Reaction GIFs are looped videos of an emotional response to something vague and therefor can be applied to various contexts. The most popular reaction GIFs exhibit some form of extreme emotion. The first image is a good example of a useful reaction GIF because it’s displaying a clear emotion, shock. This is juxtaposed by the second GIF because the woman in the GIF isn’t exhibiting any useful emotion that will likely be applied to an online context, therefor making it a counter GIF. The counter GIF fades in from a black screen, making viewers anticipate some form of emotion, but instead they are presented with a blank stare and fades back to black.

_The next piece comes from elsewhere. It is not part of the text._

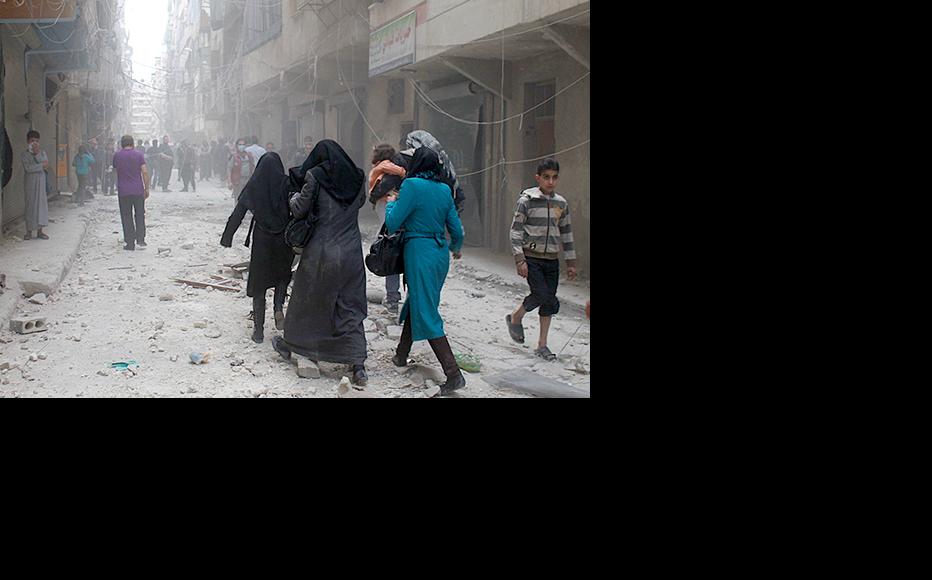 Women evacuating their houses after an airstrike on the Ansari neighbourhood in Aleppo. (Photo: Baraa al-Halabi)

Sports GIFs are about building up anticipation and seeing a heightened action follow. Sports GIFs usually take memorable sports moments and preserve them so that can be watched and rewatched. The above example shows Kyrie and DeAndre teaming up to complete a high energy duo-dunk. While the second example showcases Lebron seemingly going in for a dunk but then the scene gets cut off. The second GIF is a counter to sports GIFs because it does not showcase any memorable moment. We are lured in by what seems to be a great moment but are let down when the GIF restarts.
Fandom GIFs are representations of iconic moments in films and television. They are a single action that represents an entire scene, but most importantly they are meaningful scenes for fans.The first GIF is an iconic scene from the Harry Potter franchise with two main characters present in the scene. From the second-long clip you can tell what number movie in the franchise its from and what are the moments around that one action, leading up to the scene and following it. While in the second GIF you don’t see any of the protagonists and may not remember the events surrounding that particular moment. Without the tag saying that it is a scene from Harry Potter a fan may not even be able to pick that out, thus making it a counter fandom GIF.